Tuesday, February 21, 2012

Stage Three: Is Utility Deregulation the Answer to Austin Energy?

In a February 9, 2012 commentary from the Austin American Statesman written by Carla Penny, titled “Don’t buy into utility deregulation,” the contributor states her opinion in opposition to deregulating the city’s electric utility, currently supplied by Austin Energy. Penny’s argument asserts that deregulation will only drive costs upward for Austin electric consumers, especially the elderly, who typically use less energy. Another argument against deregulation includes a report from Texas Coalition for Affordable Power which found that Texas deregulated electric utility consumers pay higher electric utility rates than those in regulated electric utility areas. Lastly, the contributor claims that contracts from deregulated electric companies may include hidden excess charges in the contractual agreement, much like the cell phone monopoly, in trying to initially attract customers. She cites penalty examples such as not using a minimum amount of electrical usage, not maintaining a contractual agreement for a certain period of time and the solvency of a company to prevent it from going bankrupt. The author principally uses her reference to the Texas Coalition for Affordable Power report and her association with AARP, an organization devoted to the special interests of people 50 and over, to gain confidence from readers who are mindful of increasing electric rates and how it would affect their pocketbooks.

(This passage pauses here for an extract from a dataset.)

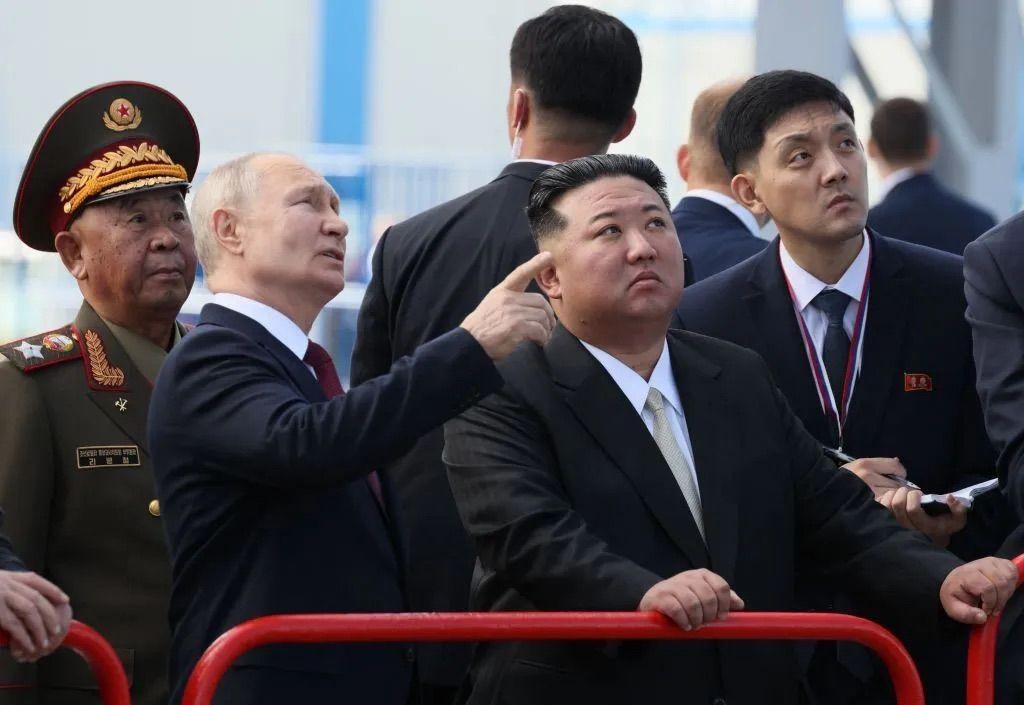 Pentagon: North Korea continues to supply weapons to Russia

Conversely, a supporter of deregulating Austin’s electric utility is The Texas Conservative Coalition. Penny cites their one direct comment in opposition to deregulation. According to John Colyandro and Tom Aldred from this organization, it notes that "Providers in competitive parts of the state continually respond to market pressure." Her response to this comment is the assumption that publicly owned utilities have a greater responsibility to their local government in meeting the demands of its clientele for reasonable rates. If this were truly an unbiased commentary, I believe the author should have devoted an equal representation of facts and figures to substantiate her case for keeping Austin’s electric utility regulated. However, as a volunteer of the AARP Texas Executive Council, the author uses her skillful writing persuasion to convey the injustices that would be brought to Austin electric utility consumers if deregulation were agreed to. Furthermore, a thorough analysis and debate to weigh the strengths and weaknesses in deregulating the electric utility can only be done through careful process. Deregulation, as Penny points out, would negatively impact the targeted AARP group and intended audience of people on fixed incomes she represents.
Penny uses the fallacy of diversion by arguing against deregulation instead of bringing readers attention to the rate hike proposition by Austin Energy. Initially, Penny’s stance that deregulation is not the answer for Austinites seemed reasonable. However, the real issue of managing escalating electric rates is what needs to be addressed. Whether it can gather enough support from those in favor of deregulating and bring fair prices through market competition, will be contested vigorously on both sides of the issue and either solution will certainly not please everyone. Austin City Council will take a position on the issue of deregulation versus the rate increases recommended by Austin Energy. However, councilmembers may ultimately pay the price of reelection depending on which side they choose to take and how Austinites decide what is best for them.